Anesthesia Management in a Patient With a History of Fulminant Malignant Hyperthermia and a Homozygous RYR1 p.Arg530His Variant Undergoing Laparoscopic Surgery: A Case Report

Introduction

Malignant hyperthermia (MH) is an uncommon but potentially life-threatening inherited condition precipitated by exposure to volatile anesthetic agents or suxamethonium. These triggering agents cause uncontrolled calcium release from the sarcoplasmic reticulum in skeletal muscle, leading to a marked hypermetabolic response.
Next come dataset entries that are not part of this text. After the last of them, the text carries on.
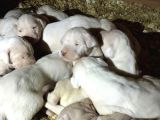 A Kalite Dişi Dogo Yavruları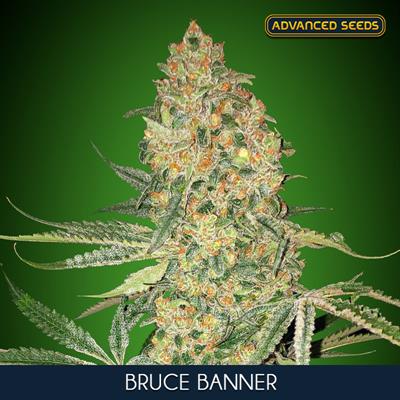 BRUCE BANNER (5 y 2)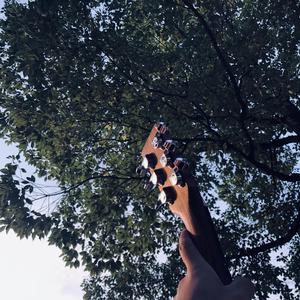 国产精品不卡AⅤ在线播放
Variants in the ryanodine receptor type 1 (RYR1) gene are recognized as the principal genetic basis of MH susceptibility [1–3]. Accordingly, individuals considered susceptible to MH are recommended to avoid known triggering agents and to undergo regional anesthesia or total intravenous anesthesia (TIVA) when general anesthesia is necessary [4,5].

Remimazolam is an ultra–short-acting benzodiazepine that has been approved in Japan since 2020 for both the induction and maintenance of general anesthesia, making it a potential alternative for TIVA [6]. Experimental in vitro data have shown that remimazolam does not elevate intracellular calcium levels in cells expressing MH-related RYR1 variants [7,8]. However, clinical experience with remimazolam in MH-susceptible patients remains limited. Most published reports involve patients with suspected MH susceptibility based on family history [9–12], whereas a few reports describing its use in individuals with genetically confirmed MH are scarce [11,13] or a documented personal history of MH [14].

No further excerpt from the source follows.